12.10.2017

 

Bu yıl yapılması düşünülen 43. Uluslararası Film Festival tarihi olan 21 Ekim 2017 ve 27 Ekim 2017 zaman sürecine doğru yaklaştıkça basında çıkan haber sayıları da artmaya başladı. Geçtiğimiz gün basında çıkan ‘’ ‘Altın Portakal Ulusal Film Yarışması’ İstanbul’a taşındı. Uluslararası “Altın Portakal” Antalya Film Festivali’nden Antalya Büyükşehir Belediyesi’nin kararıyla ulusal yarışmanın kaldırılmasının ardından, sinemacıların desteğiyle bu yıl ulusal yarışma İstanbul’da, Beyoğlu Sineması’nda yapılacak haberi kafamı karıştırdı. Aklıma gelen birçok yönetmen, oyuncu kim varsa aradım. Fatma Girik, Hülya Koçyiğit, yönetmen Şerif Gören ve Sinema Oyuncuları Derneği Başkanı (SODER) duayen oyuncu Yusuf Sezgin ile uzun uzun konuştuk.

Yusuf Sezgin ile yaptığım telefon görüşmesinde sözlerinden anladığım kadarıyla endişeli, üzgün ve aynı zamanda kızgındı. Hiçbir sinemacının Altın Portakal Film Festivalinin sona ermesine yüreklerinin el vermediğinden söz ediyordu.

İstanbul’da yapılacak olan Altın Portakal Film Festivali haberine yalanlama getirdi. Böyle bir girişimin olmadığını belirterek, ‘’Türel 50 küsur yıllık festivali bitirerek, koca çınarın dibine adeta balta vuruyor. Antalya halkı buna ne diyor? Bu alınan karar siyasi mi, yoksa başka etken mi var bilemiyoruz’’ dedi.

Yönetmen Şerif Gören, ‘’Türk sinemasında zaman zaman uluslararası yarışmalarda kendini gösterdi. Ödüller aldı. Bu doğru. Unutulmaması gereken bir şey var ki, o da Altın Portakal Film Festivali kaliteli bir festivaldir. Hafife alınmamalıdır. Yazık olacak Altın Portakal’a….’’

Aradığım, konuştuğum tüm sinemacılar ve sinemayla ilgili haberler üreten magazin gazetecileri Altın Portakal Film Festivalinin bitirilmesini endişeyle karşıladıklarını belirterek, “Türel bu festivali bitirmek istiyor. Yazık olacak Antalya’ya…”

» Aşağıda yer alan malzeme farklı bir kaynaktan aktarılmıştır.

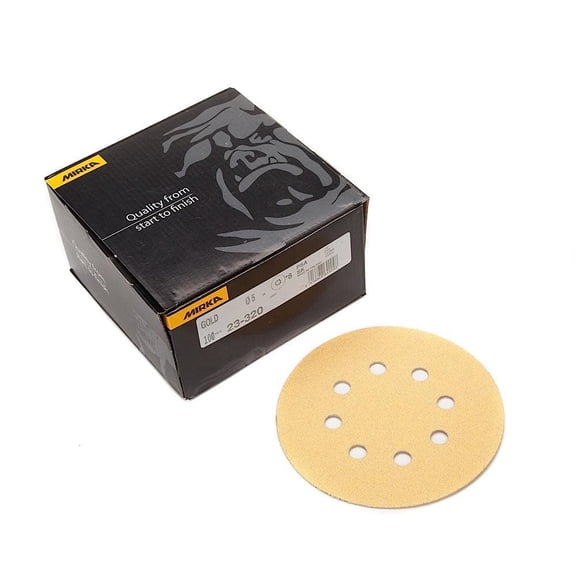 100 Pieces Mirka 23-320-080 Bulldog Gold 5" 8-hole PSA Vacuum Sanding Discs, 80 Grit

Yazık olacak 53 geçen yıla…

Ortak görüşleri bu birkaç satırla ortaya koymaya çalıştım. Kimi tamamen  siyasidir. Halkın sanatçıları son yıllarda yanlış giden hükümet politikalarını özgürce festivallerde dile getirmesine kızan hükümet başkana baskı yaparak bu kararı alınmasını istediler. Aksi taktir de Türk sinemasını iyi tanıyan Türel, böyle bir önemli kararda mutlaka Sinema ile ilgili kurum ve kuruluşlarla ortak hareket eder bilgi ve katkıları için mutlaka girişimde bulunurdu. Bunu bilmeyecek kadar bilgiden yoksun bir kültüre sahip değil dediler.

Aslına bakarsanız ben de ilk duyduğumda şok olmuştum. Antalya Altın Portakal Film Festivalini yıllardır aralıksız 30 yılı aşkın süredir izlerim. Duyunca şok oldum. Hiçbir yazı yazmadan sabırla bekledim. Belki karar geri çekilir veya farklı bir fikirle pekiştirilir düşüncesindeydim. Maalesef olmadı…

Altın Portakal tarih oluyor.

Üzgünüm ama Antalya da onca kitle örgütleri Odalar, Dernekler, siyasi partiler var ama hiç biri yeterince ses çıkarmadı. Birkaç cılız ses çıktıysa da bu sesi destekleyen olmadı. Onlar siyasi ortamda nemalanma peşinde galiba…

AKP+MHP’ suskun

AKP+MHP dışındaki görüş sahipleri suskun

Yazık olacak 53 yıla…

Yazık olacak Altın Portakala…

Yazık olacak Avni Tolunay’ın bizlere bıraktığı bu kültür ve sanat mirasına

Madem Antalyalıdan ses çıkmıyor, madem Antalyalı mirasına sahip çıkmıyor. Bize ancak yazmak düşer.